**PROBLEM REQUIREMENTS**
Find the line containing "FMstyles I Love" in the records below. Copy exactly that line and each one after it, ending at the line containing "Woman Recording A Video Blog", and nothing more.

*** Begin section ***

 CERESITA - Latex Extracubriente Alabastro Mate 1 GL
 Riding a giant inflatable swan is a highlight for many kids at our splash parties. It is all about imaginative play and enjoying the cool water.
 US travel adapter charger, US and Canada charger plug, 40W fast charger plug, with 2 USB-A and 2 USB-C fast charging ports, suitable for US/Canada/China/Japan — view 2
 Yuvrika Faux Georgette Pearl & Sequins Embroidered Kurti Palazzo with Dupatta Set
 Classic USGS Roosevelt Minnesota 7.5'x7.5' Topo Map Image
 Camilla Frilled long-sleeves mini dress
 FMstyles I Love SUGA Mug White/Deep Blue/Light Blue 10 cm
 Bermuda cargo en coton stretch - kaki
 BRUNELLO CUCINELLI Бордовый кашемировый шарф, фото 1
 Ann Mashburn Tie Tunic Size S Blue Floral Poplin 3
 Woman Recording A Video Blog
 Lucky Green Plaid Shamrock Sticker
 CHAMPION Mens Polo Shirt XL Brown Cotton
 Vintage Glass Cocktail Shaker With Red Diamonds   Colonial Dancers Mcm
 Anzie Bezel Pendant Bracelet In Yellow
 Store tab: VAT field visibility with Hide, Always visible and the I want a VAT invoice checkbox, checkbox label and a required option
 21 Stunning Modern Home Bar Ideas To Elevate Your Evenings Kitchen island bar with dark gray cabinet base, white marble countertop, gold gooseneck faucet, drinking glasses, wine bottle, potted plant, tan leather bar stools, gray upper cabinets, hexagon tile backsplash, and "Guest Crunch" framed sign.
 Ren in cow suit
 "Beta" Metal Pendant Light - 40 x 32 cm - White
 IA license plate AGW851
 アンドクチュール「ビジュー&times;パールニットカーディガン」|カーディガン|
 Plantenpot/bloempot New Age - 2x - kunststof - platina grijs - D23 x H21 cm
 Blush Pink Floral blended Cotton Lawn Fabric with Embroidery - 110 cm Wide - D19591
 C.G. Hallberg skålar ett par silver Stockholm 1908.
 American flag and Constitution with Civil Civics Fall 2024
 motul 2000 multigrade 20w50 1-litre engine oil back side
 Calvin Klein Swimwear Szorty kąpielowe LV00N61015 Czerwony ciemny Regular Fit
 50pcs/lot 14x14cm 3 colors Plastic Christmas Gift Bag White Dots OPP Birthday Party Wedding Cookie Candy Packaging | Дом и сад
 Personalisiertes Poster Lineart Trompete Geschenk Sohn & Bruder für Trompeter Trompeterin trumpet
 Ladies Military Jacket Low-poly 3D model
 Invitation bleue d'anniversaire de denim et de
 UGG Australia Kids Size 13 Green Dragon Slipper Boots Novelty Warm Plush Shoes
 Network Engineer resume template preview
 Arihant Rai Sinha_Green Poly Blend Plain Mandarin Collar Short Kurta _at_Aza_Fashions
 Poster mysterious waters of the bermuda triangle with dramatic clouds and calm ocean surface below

*** End section ***

**FINAL ANSWER**
 FMstyles I Love SUGA Mug White/Deep Blue/Light Blue 10 cm
 Bermuda cargo en coton stretch - kaki
 BRUNELLO CUCINELLI Бордовый кашемировый шарф, фото 1
 Ann Mashburn Tie Tunic Size S Blue Floral Poplin 3
 Woman Recording A Video Blog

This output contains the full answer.